Classification - BCP 47 (IETF Language Tag)
List of Languages BCP 47 IETF Language Tag
Ownership
Published and maintained by the Internet Engineering Task Force (IETF), which describes itself as the “premier Internet standards organization. It follows open and well-documented processes for setting these standards. Once published, those standards are made freely available.” (IETF | Internet standards)
Governance Structure
(IETF | Standards process ; IETF Structure and Internet Standards Process)
- Volunteer based. The entire org contains mostly volunteer with some positions that are paid (secretary, etc.) or semi-paid. Expresses are sometimes covered through donation, etc.
- Peer reviews with representatives from different entities and individuals
- No member and no due; mostly donation based.
- Positions are selected by a nomination committee
- Contributors would submit proposal of standards to be reviewed by Area Directors
- Mode of communication = mostly on mailing list with opportunities of inputs from industry groups and internet users.
Resource Specified
For this example, it concerns with the (Language localisation – Wikipedia; Information on BCP 47 » RFC Editor (rfc-editor.org))

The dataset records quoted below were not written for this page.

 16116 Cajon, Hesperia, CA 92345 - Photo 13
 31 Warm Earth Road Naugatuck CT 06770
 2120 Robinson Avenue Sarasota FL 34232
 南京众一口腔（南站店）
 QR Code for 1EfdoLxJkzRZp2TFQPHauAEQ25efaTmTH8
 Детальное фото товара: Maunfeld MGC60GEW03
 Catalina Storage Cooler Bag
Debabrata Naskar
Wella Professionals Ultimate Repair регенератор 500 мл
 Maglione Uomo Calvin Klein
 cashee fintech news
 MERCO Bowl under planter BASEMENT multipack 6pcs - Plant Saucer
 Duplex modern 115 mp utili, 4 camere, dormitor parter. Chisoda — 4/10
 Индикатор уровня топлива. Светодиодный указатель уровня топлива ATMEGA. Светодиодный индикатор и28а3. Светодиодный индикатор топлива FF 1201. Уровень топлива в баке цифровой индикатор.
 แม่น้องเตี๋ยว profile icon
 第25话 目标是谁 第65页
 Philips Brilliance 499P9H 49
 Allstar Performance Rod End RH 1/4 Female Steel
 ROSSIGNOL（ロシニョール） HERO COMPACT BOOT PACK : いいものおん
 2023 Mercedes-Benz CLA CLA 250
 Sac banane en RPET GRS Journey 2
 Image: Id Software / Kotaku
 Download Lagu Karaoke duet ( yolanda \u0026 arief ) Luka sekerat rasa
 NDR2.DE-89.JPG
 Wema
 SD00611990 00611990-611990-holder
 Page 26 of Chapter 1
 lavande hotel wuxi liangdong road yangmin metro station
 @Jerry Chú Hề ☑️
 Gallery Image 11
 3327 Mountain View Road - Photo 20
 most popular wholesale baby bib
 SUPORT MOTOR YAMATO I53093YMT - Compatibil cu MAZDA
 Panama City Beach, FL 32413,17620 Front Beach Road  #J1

It is a best practice published as a guideline for the internet community, namely
- Entities publishing software and services related to web documents
- Content creators publishing web content
- Content consumers consuming web content
To classify the language for web content.
Examples
- Canadian English = en-CA (ISO language code for English; ISO country code for Canada)
- Canadian French = fr-CA
- Chinese used in Hong Kong = zh-Hant (Traditional Chinese) or zh-HK (Hong Kong Chinese, implying it uses the traditional character set); I have seen the use of zh-Hant-HK as well
Reusing the Examples
- It is the same example as the previous exercise but it describes a different aspect of the BCP 47 specification.
- This example is concerned with the use of the controlled vocabulary–the available valid options–in the specification.
Analysis
Strengths
- Simple to understand and use
- Built upon other widely used standards maintained by ISO
- Widely adopted with strong supports from communities
- Country + Language combo works perhaps 90% of the time
- 2nd level is optional; en = English without a country specified
Weakness
- It is mostly for written languages; it doesn’t deal with spoken languages in rich media (e.g., video, etc.) as well as it does not represent dialects or accents, especially for countries with fragmented populations of minority culture and dialects
- Only 2 levels: country – and language; it might not handle more complicated hierarchical /regional structure; workaround could and sometimes create ambiguity
- Example: Hong Kong and Taiwan both uses the traditional Chinese character set; it is acceptable to set the content to zh-Hant to indicate the content is in Traditional Chinese (and suitable for viewing by readers from both Hong Kong and Taiwan), but it doesn’t indicate the culture. One could use zh-Hant-HK but it would break the simple and easy to understand consistency. These workarounds are also sometimes not universally supported
- Relatively less frequently used languages, including indigenous languages, dialect, sub country regions as theses cannot be expressed in the system
- Non-binding nature
- It is a recommendation that most will follow in good faith but not all the case
- Implementation and usages are optional at the discretion of users
- Competing or obsolete standards
- Some companies / content creators might opt for different / older standards
- Standards and best practices evolve; it is costly for companies to keep up to date; old content might not be re-tagged based on new standards
- Loose enforcement of standards
- For web content, it is up to the content creator to self-tag the content with the proper language tag
- e., tagging Canadian French content as British English might confuse users / external software but there is no process to ensure accuracy or consistency
- For web content, it is up to the content creator to self-tag the content with the proper language tag
Likeliness to Encounter
- Very likely as any webpages is a candidate for classification
- Browsers use the language code to detect the language or content to offer services such as Translation, etc.
- I will very likely be implementing these as content publisher and software developer
I think there is some confusion re: this being a discussion of multiple standards. The BCP 47 is specifically designed to work with other already published standards such as the HTML specification and ISO-3166 country code standards, and it inherits many of the same limitations of these standards. For this particular example, we are looking only at the controlled vocabulary aspect of the standard.
For instance, the valid value of a language must use one of the recognized language and recognized ISO country. As one may see, the controlled vocabulary enjoys many of the strengths of the specification but also suffers many of its weaknesses at the same time.